From political turbulence to aviation reality: time for facts

In a country where words often take precedence over facts, it is time to recall that in aviation — as in governance — precision is not optional. The slightest approximation comes at a cost, whether it is a flight plan or a public policy.

While some recent debates reduce the management of air transport to personal quarrels, it is useful to bring some rigour back into the cockpit. Mauritian aviation is emerging from a zone of severe turbulence: the pandemic, voluntary administration, financial restructuring, redefining the fleet and routes. Returning to profitability after nearly a decade of losses is not a matter of chance. It is the fruit of collective, demanding, often thankless work, grounded in coherent choices and tight governance.

This progress does not mean everything is perfect — far from it. The sector remains exposed to many challenges: spiking fuel prices, dependence on tourism, regional competition, infrastructure modernisation, the development of freight and regional connectivity. But progress, when tangible, must be recognised rather than caricatured to score political points.

The role of a political leader

This is where public discourse must rise to the occasion. The role of a political leader is not to feed confusion, but to elevate debate. Gratuitous attacks or insinuations about results still under audit add nothing to the understanding of the sector.

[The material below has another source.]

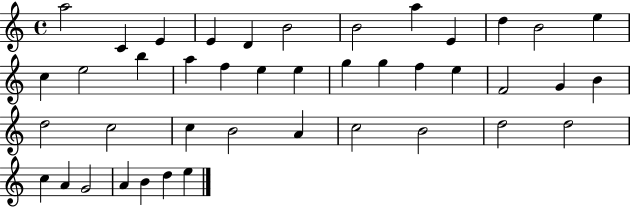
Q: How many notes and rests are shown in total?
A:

You don’t run an airline the way you run a rally: facts are not to be manipulated, they are to be owned.

Aviation rests on rigour and predictability. Populism runs on base instincts and the emotion of the moment. Confusing the two is a serious piloting error.

It is not by turning an economic and strategic subject into a personal platform that we will help Mauritius move forward. Recognising the value of those working to rebuild a national airline is not picking a side: it is common sense. Behind these efforts are thousands of families, direct and indirect jobs, entire industries — tourism, freight, hospitality, ground transport, maintenance — that depend on the stability of this sector.

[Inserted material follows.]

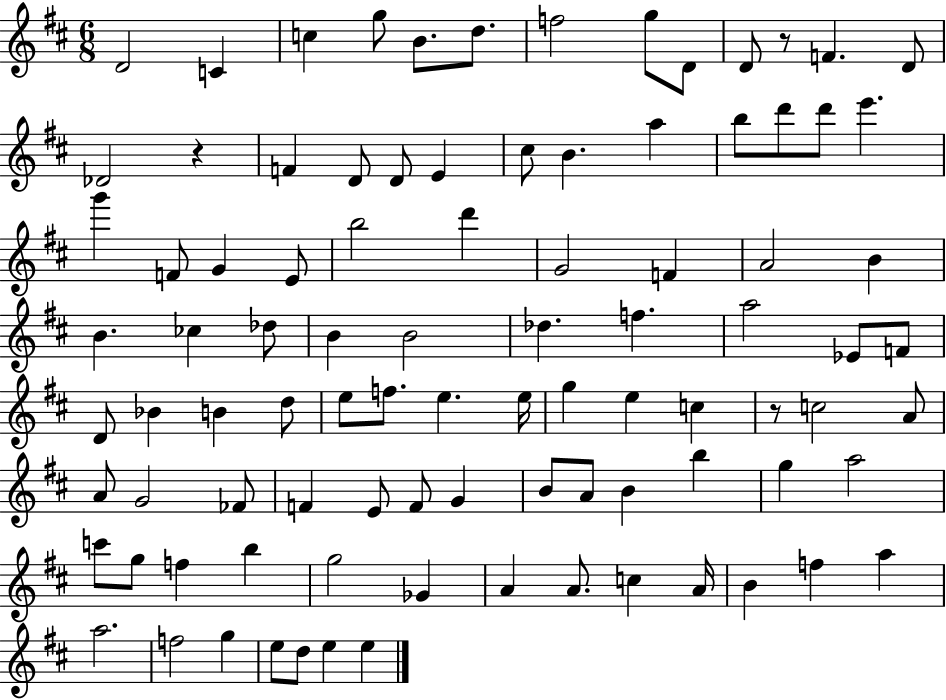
D4/h C4/q C5/q G5/e B4/e. D5/e. F5/h G5/e D4/e D4/e R/e F4/q. D4/e Db4/h R/q F4/q D4/e D4/e E4/q C#5/e B4/q. A5/q B5/e D6/e D6/e E6/q. G6/q F4/e G4/q E4/e B5/h D6/q G4/h F4/q A4/h B4/q B4/q. CES5/q Db5/e B4/q B4/h Db5/q. F5/q. A5/h Eb4/e F4/e D4/e Bb4/q B4/q D5/e E5/e F5/e. E5/q. E5/s G5/q E5/q C5/q R/e C5/h A4/e A4/e G4/h FES4/e F4/q E4/e F4/e G4/q B4/e A4/e B4/q B5/q G5/q A5/h C6/e G5/e F5/q B5/q G5/h Gb4/q A4/q A4/e. C5/q A4/s B4/q F5/q A5/q A5/h. F5/h G5/q E5/e D5/e E5/q E5/q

Competence, transparency, coherence

At En Avant Moris, we have always defended an approach grounded in competence, transparency, and coherence. We refuse easy shortcuts and amalgams. Debates must be fed by data, expertise and results — not emotions or personal calculations.

Mauritius’s sky needs focused pilots, not noisy passengers. History will remember those who held the course — calmly, effectively, and responsibly.

This article was originally published on defimedia.info in April 2026.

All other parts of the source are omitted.